- **Supplied material**
-------------------------

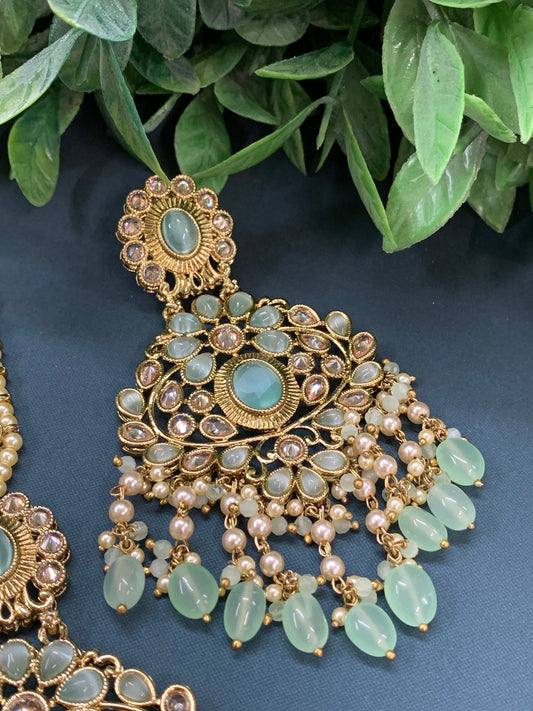 Ravi reverse polki earring tikka set with pearl and pistachio green glass drop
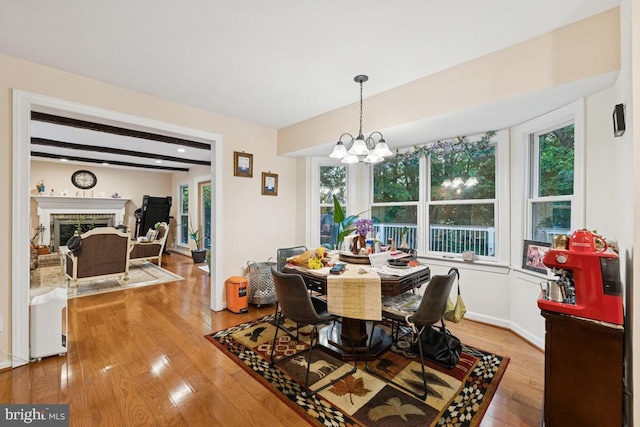 6625 Weatheford Ct, Mclean, VA 22101 - dining room with wood-type flooring, a chandelier, plenty of natural light, and a fireplace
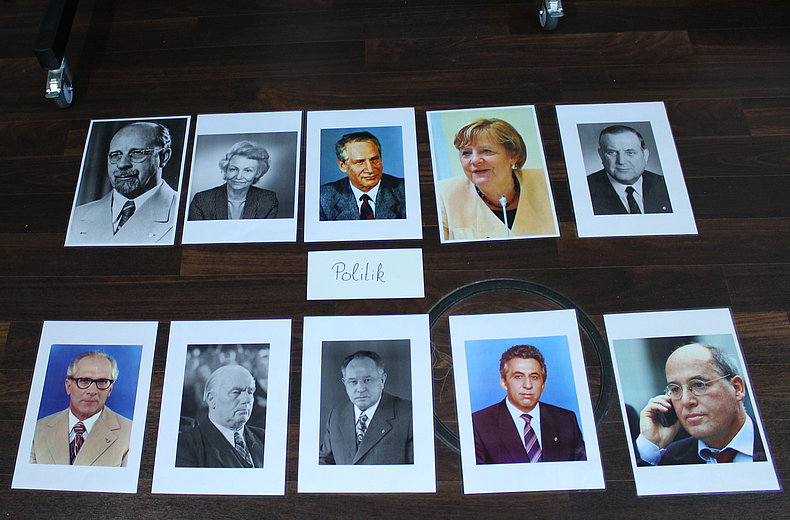 Karten mit Portraits von Politikern liegen auf dem Boden.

-------------------------

- **What you need to do**
Reproduce the listing above exactly, but skip the pictures.

- **Finished exercise**
 Ravi reverse polki earring tikka set with pearl and pistachio green glass drop
 6625 Weatheford Ct, Mclean, VA 22101 - dining room with wood-type flooring, a chandelier, plenty of natural light, and a fireplace
 Karten mit Portraits von Politikern liegen auf dem Boden.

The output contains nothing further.